# Directions for this task
The copy you return must match the listing word for word and carry no pictures.

# Information supplied

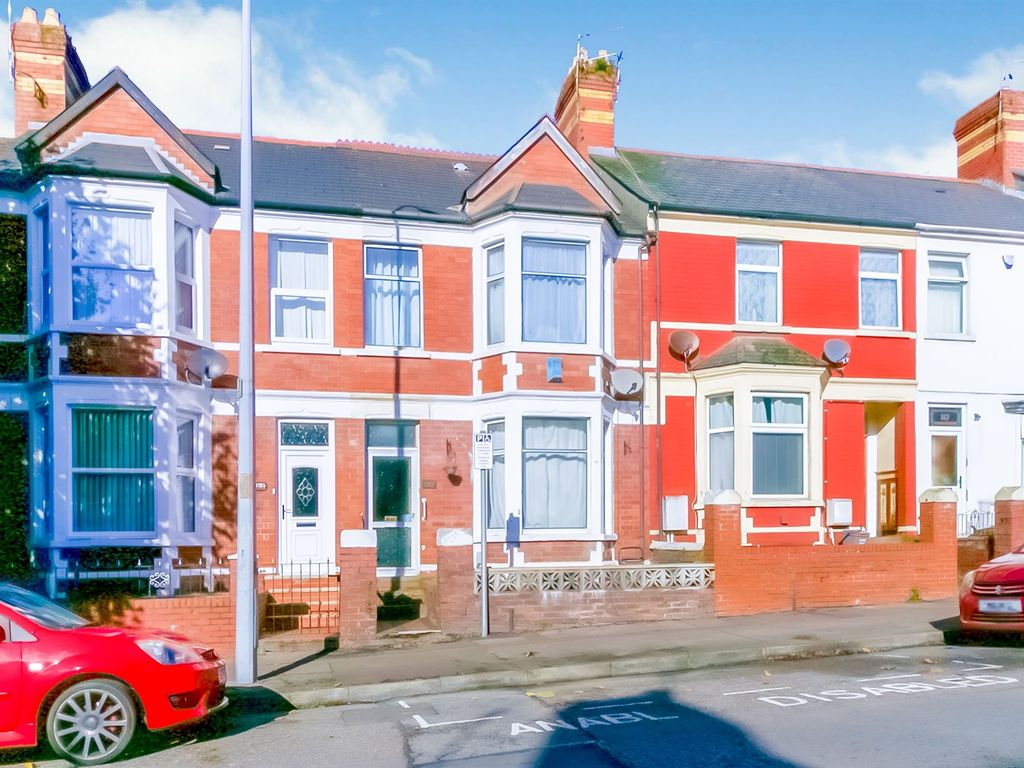3 bed terraced house for sale in Gladstone Road, Barry CF62, £215,000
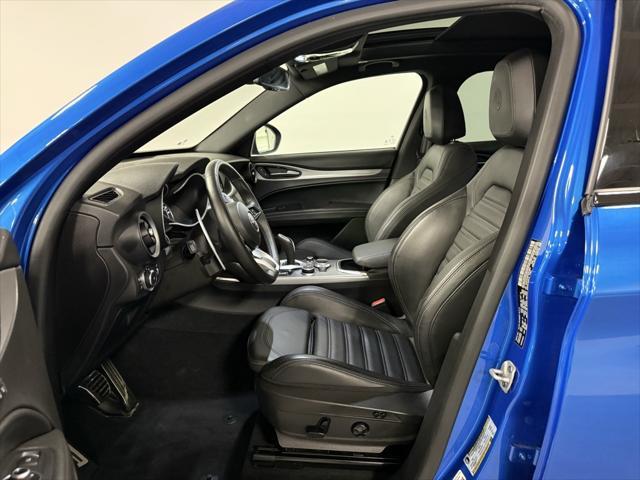 used 2021 Alfa Romeo Stelvio car, priced at $33,950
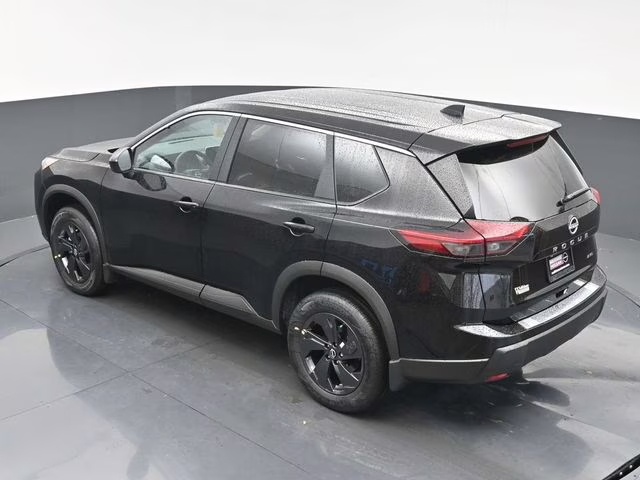 2026 Super Black Nissan Rogue SV AWD SUV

# Output of the exercise
3 bed terraced house for sale in Gladstone Road, Barry CF62, £215,000
 used 2021 Alfa Romeo Stelvio car, priced at $33,950
 2026 Super Black Nissan Rogue SV AWD SUV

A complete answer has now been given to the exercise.